**INSTRUCTIONS TO FOLLOW:** Every line of the listing is to be returned exactly as given.

TASK MATERIAL START

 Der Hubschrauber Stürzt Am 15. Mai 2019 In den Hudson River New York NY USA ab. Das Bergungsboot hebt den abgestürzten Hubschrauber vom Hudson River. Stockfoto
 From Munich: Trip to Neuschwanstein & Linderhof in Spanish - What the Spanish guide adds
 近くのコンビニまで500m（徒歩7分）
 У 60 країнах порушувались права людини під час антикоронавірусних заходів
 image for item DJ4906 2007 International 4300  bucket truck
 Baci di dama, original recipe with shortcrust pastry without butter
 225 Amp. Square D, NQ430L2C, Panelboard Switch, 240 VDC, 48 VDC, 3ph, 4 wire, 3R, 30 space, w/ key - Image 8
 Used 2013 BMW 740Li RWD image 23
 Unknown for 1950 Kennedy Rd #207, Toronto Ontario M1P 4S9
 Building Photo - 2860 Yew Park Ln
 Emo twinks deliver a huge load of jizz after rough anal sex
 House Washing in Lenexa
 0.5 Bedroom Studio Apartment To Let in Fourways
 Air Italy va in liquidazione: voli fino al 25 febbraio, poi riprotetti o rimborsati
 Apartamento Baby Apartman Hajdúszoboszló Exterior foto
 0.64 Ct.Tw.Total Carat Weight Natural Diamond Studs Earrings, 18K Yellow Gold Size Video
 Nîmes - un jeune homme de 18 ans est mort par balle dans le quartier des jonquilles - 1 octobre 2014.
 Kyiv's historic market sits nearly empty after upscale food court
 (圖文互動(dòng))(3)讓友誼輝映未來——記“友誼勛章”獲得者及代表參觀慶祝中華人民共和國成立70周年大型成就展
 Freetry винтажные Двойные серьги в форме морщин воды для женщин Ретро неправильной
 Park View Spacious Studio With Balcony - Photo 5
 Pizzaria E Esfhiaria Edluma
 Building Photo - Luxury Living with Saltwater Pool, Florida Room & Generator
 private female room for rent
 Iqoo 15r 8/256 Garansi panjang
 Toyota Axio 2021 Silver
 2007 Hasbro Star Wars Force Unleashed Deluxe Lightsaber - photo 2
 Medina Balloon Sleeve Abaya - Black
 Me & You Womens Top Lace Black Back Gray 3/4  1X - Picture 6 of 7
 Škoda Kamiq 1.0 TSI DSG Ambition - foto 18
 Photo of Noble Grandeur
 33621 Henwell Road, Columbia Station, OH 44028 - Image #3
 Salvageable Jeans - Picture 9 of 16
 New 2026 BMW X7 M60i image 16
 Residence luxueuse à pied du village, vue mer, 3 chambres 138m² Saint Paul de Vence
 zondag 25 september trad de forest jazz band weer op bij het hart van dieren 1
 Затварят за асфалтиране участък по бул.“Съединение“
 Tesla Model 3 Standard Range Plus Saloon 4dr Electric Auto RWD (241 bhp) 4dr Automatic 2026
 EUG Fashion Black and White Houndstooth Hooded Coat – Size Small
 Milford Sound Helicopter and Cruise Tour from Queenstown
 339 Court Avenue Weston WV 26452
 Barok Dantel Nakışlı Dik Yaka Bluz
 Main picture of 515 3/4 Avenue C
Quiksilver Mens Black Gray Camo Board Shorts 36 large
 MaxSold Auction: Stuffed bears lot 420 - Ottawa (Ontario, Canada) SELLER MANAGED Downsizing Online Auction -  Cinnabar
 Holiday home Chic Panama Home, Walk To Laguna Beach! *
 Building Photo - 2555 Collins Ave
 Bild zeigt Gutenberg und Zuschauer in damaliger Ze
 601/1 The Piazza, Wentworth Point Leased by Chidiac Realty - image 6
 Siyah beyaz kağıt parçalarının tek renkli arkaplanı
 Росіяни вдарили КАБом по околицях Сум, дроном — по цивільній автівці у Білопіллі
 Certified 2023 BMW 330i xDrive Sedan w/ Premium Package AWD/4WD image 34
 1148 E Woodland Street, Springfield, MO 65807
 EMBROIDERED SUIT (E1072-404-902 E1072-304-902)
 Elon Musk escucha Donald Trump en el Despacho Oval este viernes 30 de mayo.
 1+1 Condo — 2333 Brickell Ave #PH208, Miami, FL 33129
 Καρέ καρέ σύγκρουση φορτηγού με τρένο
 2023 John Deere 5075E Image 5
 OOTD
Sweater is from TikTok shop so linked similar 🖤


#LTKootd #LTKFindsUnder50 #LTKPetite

TASK MATERIAL END

**RESPONSE AREA:**
 Der Hubschrauber Stürzt Am 15. Mai 2019 In den Hudson River New York NY USA ab. Das Bergungsboot hebt den abgestürzten Hubschrauber vom Hudson River. Stockfoto
 From Munich: Trip to Neuschwanstein & Linderhof in Spanish - What the Spanish guide adds
 近くのコンビニまで500m（徒歩7分）
 У 60 країнах порушувались права людини під час антикоронавірусних заходів
 image for item DJ4906 2007 International 4300  bucket truck
 Baci di dama, original recipe with shortcrust pastry without butter
 225 Amp. Square D, NQ430L2C, Panelboard Switch, 240 VDC, 48 VDC, 3ph, 4 wire, 3R, 30 space, w/ key - Image 8
 Used 2013 BMW 740Li RWD image 23
 Unknown for 1950 Kennedy Rd #207, Toronto Ontario M1P 4S9
 Building Photo - 2860 Yew Park Ln
 Emo twinks deliver a huge load of jizz after rough anal sex
 House Washing in Lenexa
 0.5 Bedroom Studio Apartment To Let in Fourways
 Air Italy va in liquidazione: voli fino al 25 febbraio, poi riprotetti o rimborsati
 Apartamento Baby Apartman Hajdúszoboszló Exterior foto
 0.64 Ct.Tw.Total Carat Weight Natural Diamond Studs Earrings, 18K Yellow Gold Size Video
 Nîmes - un jeune homme de 18 ans est mort par balle dans le quartier des jonquilles - 1 octobre 2014.
 Kyiv's historic market sits nearly empty after upscale food court
 (圖文互動(dòng))(3)讓友誼輝映未來——記“友誼勛章”獲得者及代表參觀慶祝中華人民共和國成立70周年大型成就展
 Freetry винтажные Двойные серьги в форме морщин воды для женщин Ретро неправильной
 Park View Spacious Studio With Balcony - Photo 5
 Pizzaria E Esfhiaria Edluma
 Building Photo - Luxury Living with Saltwater Pool, Florida Room & Generator
 private female room for rent
 Iqoo 15r 8/256 Garansi panjang
 Toyota Axio 2021 Silver
 2007 Hasbro Star Wars Force Unleashed Deluxe Lightsaber - photo 2
 Medina Balloon Sleeve Abaya - Black
 Me & You Womens Top Lace Black Back Gray 3/4  1X - Picture 6 of 7
 Škoda Kamiq 1.0 TSI DSG Ambition - foto 18
 Photo of Noble Grandeur
 33621 Henwell Road, Columbia Station, OH 44028 - Image #3
 Salvageable Jeans - Picture 9 of 16
 New 2026 BMW X7 M60i image 16
 Residence luxueuse à pied du village, vue mer, 3 chambres 138m² Saint Paul de Vence
 zondag 25 september trad de forest jazz band weer op bij het hart van dieren 1
 Затварят за асфалтиране участък по бул.“Съединение“
 Tesla Model 3 Standard Range Plus Saloon 4dr Electric Auto RWD (241 bhp) 4dr Automatic 2026
 EUG Fashion Black and White Houndstooth Hooded Coat – Size Small
 Milford Sound Helicopter and Cruise Tour from Queenstown
 339 Court Avenue Weston WV 26452
 Barok Dantel Nakışlı Dik Yaka Bluz
 Main picture of 515 3/4 Avenue C
Quiksilver Mens Black Gray Camo Board Shorts 36 large
 MaxSold Auction: Stuffed bears lot 420 - Ottawa (Ontario, Canada) SELLER MANAGED Downsizing Online Auction -  Cinnabar
 Holiday home Chic Panama Home, Walk To Laguna Beach! *
 Building Photo - 2555 Collins Ave
 Bild zeigt Gutenberg und Zuschauer in damaliger Ze
 601/1 The Piazza, Wentworth Point Leased by Chidiac Realty - image 6
 Siyah beyaz kağıt parçalarının tek renkli arkaplanı
 Росіяни вдарили КАБом по околицях Сум, дроном — по цивільній автівці у Білопіллі
 Certified 2023 BMW 330i xDrive Sedan w/ Premium Package AWD/4WD image 34
 1148 E Woodland Street, Springfield, MO 65807
 EMBROIDERED SUIT (E1072-404-902 E1072-304-902)
 Elon Musk escucha Donald Trump en el Despacho Oval este viernes 30 de mayo.
 1+1 Condo — 2333 Brickell Ave #PH208, Miami, FL 33129
 Καρέ καρέ σύγκρουση φορτηγού με τρένο
 2023 John Deere 5075E Image 5
 OOTD
Sweater is from TikTok shop so linked similar 🖤


#LTKootd #LTKFindsUnder50 #LTKPetite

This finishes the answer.